*Task requirements*
Please make an exact copy of the lines from the one holding "A hand with" through the end of the data, both ends included, with no pictures.

Data items:
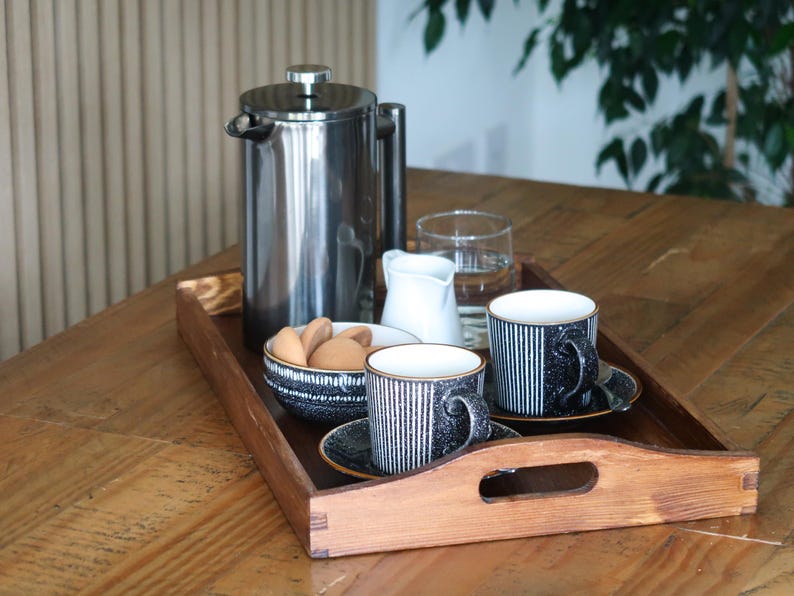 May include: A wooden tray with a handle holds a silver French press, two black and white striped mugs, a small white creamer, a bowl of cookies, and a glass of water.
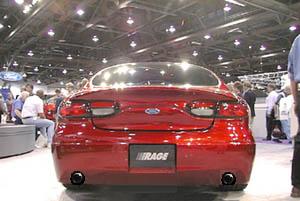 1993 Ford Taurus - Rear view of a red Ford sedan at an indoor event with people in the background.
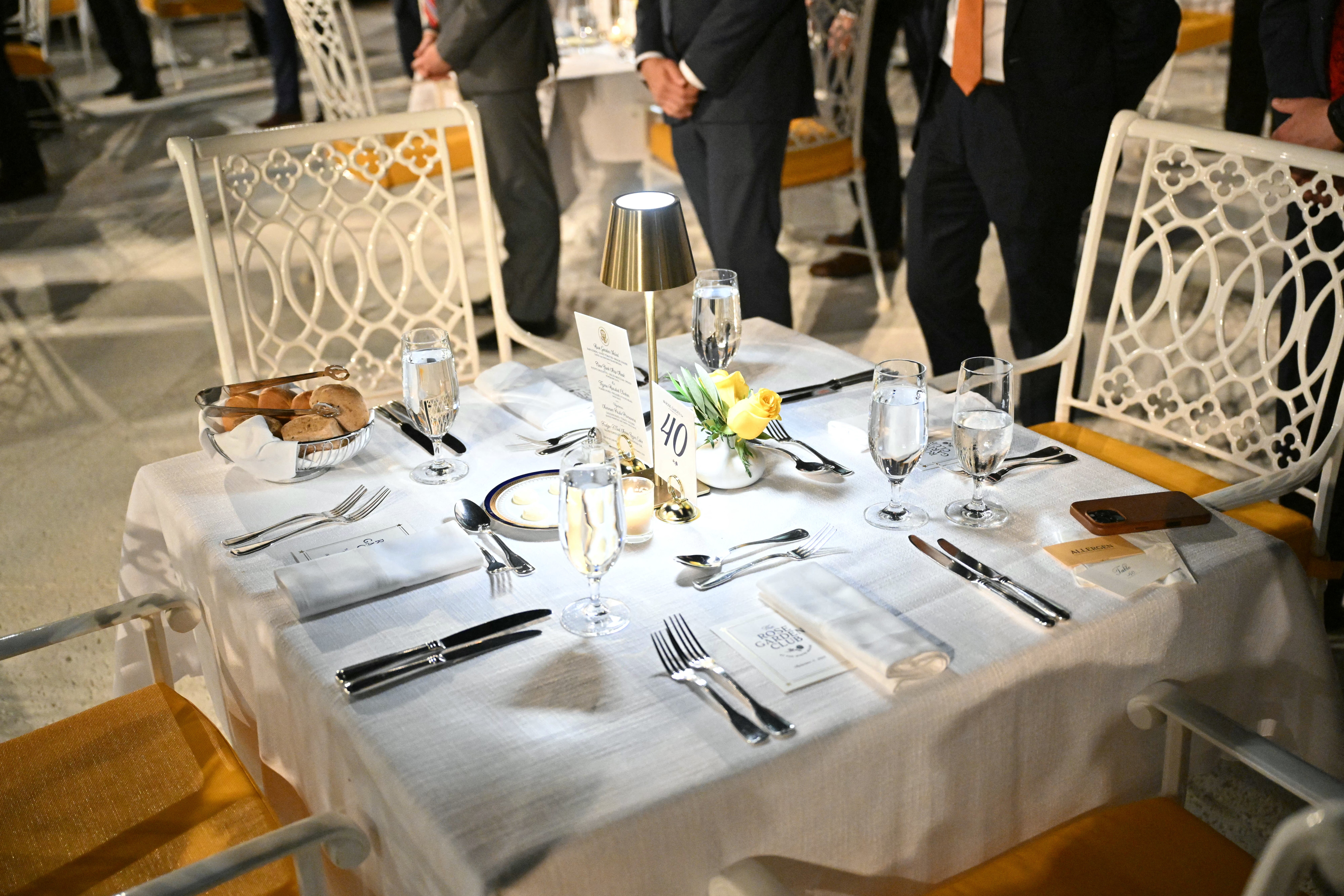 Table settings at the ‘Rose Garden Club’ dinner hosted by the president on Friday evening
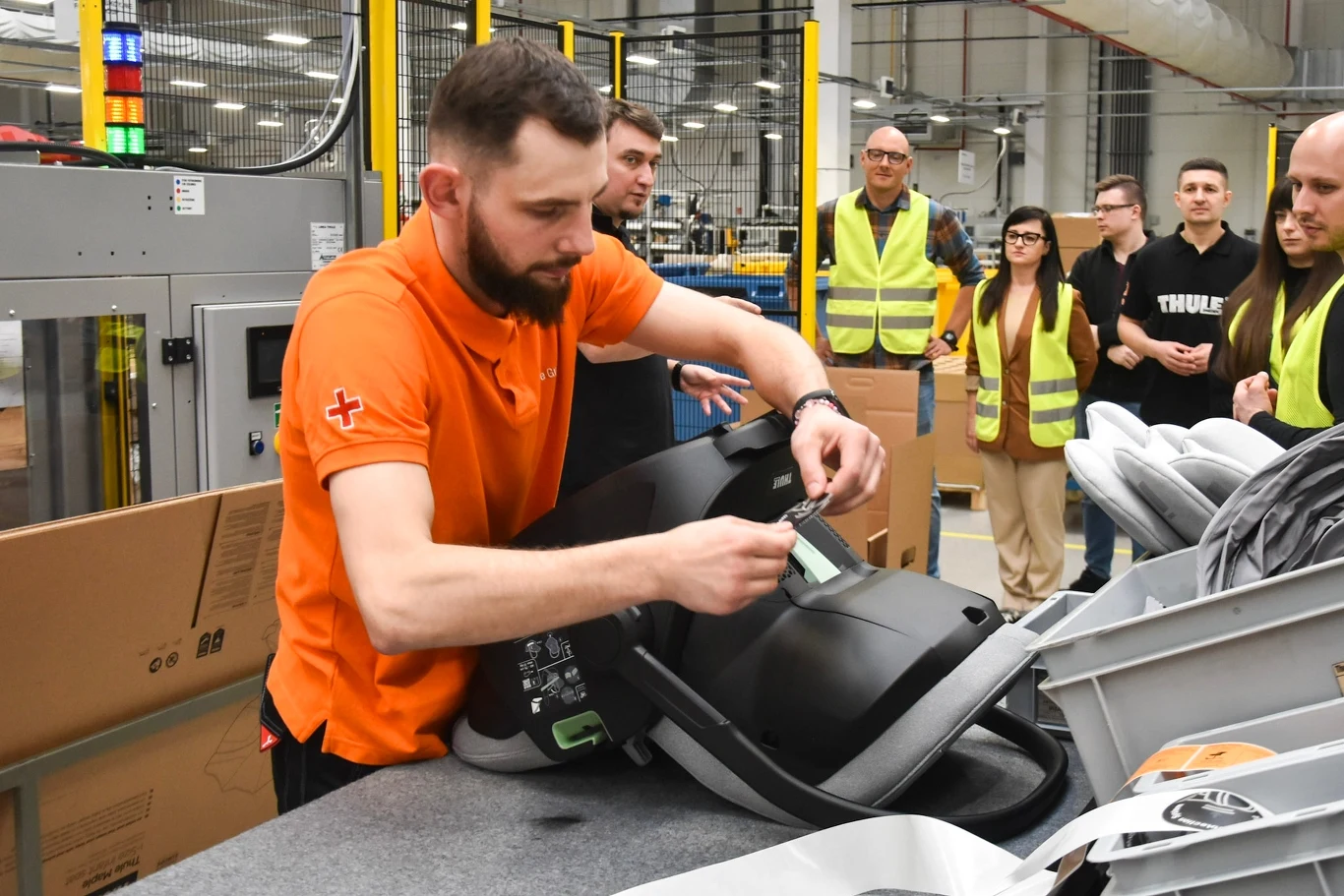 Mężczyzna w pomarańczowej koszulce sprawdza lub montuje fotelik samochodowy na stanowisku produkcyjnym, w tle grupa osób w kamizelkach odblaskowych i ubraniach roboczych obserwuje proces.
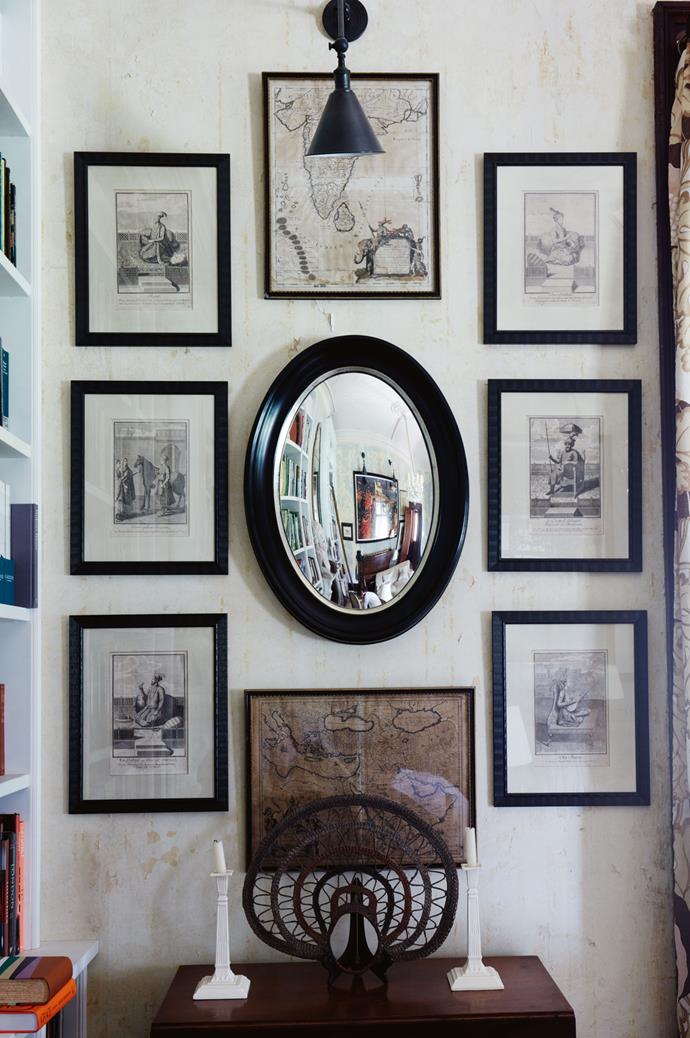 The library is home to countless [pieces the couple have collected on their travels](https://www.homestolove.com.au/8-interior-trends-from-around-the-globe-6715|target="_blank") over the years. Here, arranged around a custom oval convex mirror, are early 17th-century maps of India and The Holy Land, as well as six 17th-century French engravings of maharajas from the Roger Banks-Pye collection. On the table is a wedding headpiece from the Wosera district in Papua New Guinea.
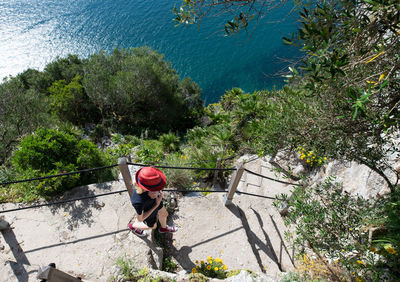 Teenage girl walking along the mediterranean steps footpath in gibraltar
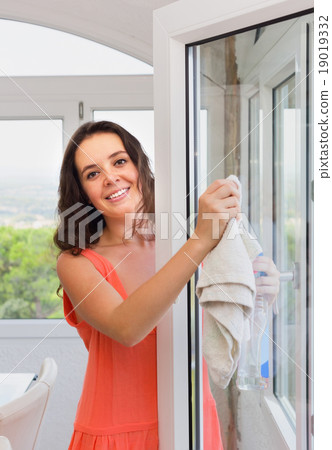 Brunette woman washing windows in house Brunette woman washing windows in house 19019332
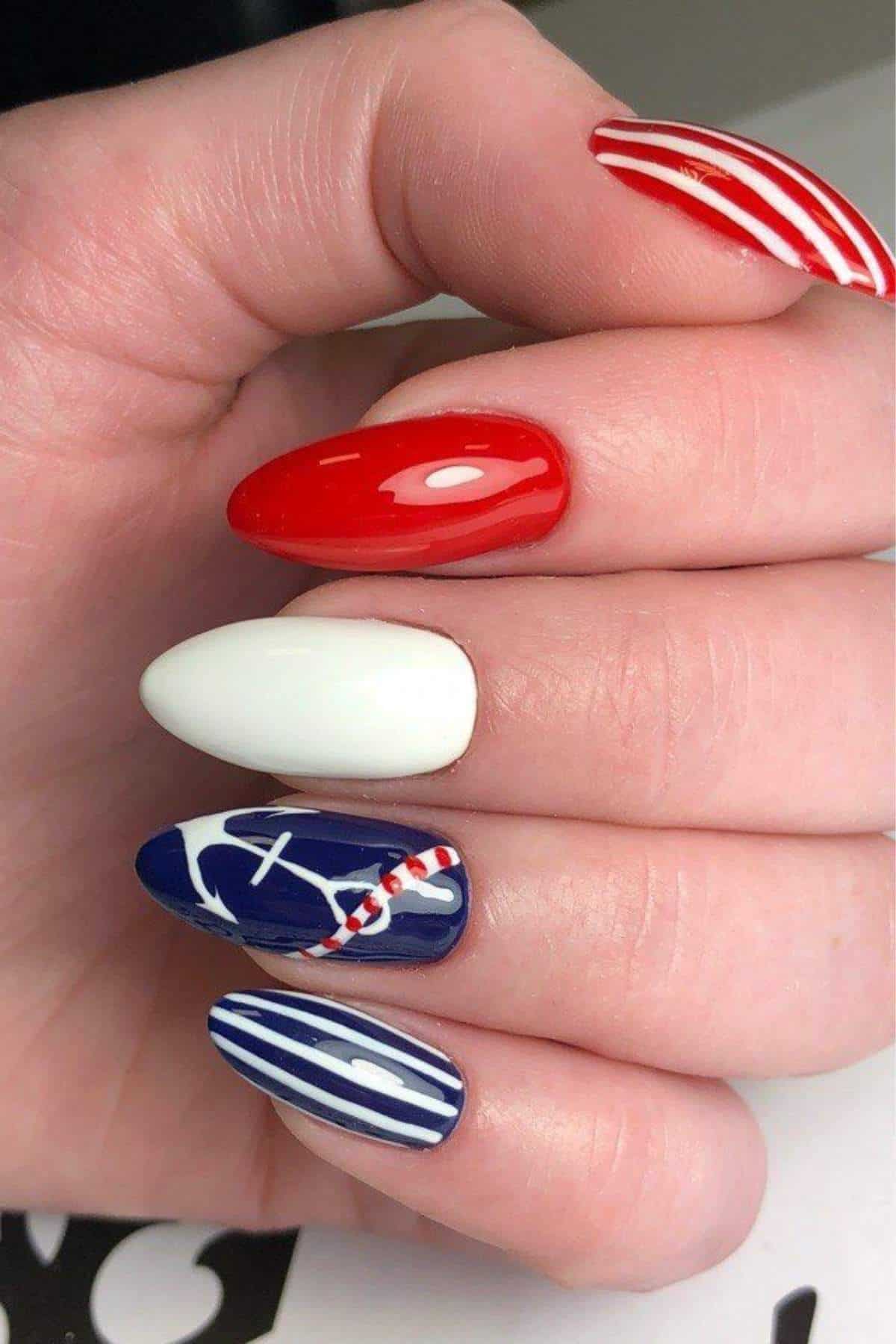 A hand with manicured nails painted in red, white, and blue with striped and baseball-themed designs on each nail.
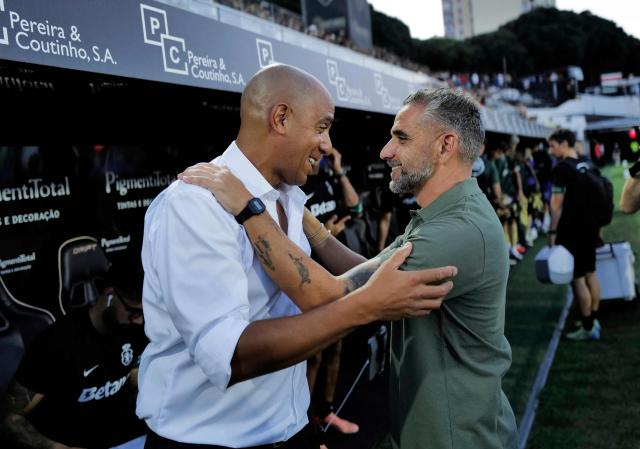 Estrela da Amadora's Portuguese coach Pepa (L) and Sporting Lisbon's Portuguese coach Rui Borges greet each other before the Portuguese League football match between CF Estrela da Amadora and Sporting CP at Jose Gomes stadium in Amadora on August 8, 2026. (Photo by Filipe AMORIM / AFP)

*Answer space*
 A hand with manicured nails painted in red, white, and blue with striped and baseball-themed designs on each nail.
 Estrela da Amadora's Portuguese coach Pepa (L) and Sporting Lisbon's Portuguese coach Rui Borges greet each other before the Portuguese League football match between CF Estrela da Amadora and Sporting CP at Jose Gomes stadium in Amadora on August 8, 2026. (Photo by Filipe AMORIM / AFP)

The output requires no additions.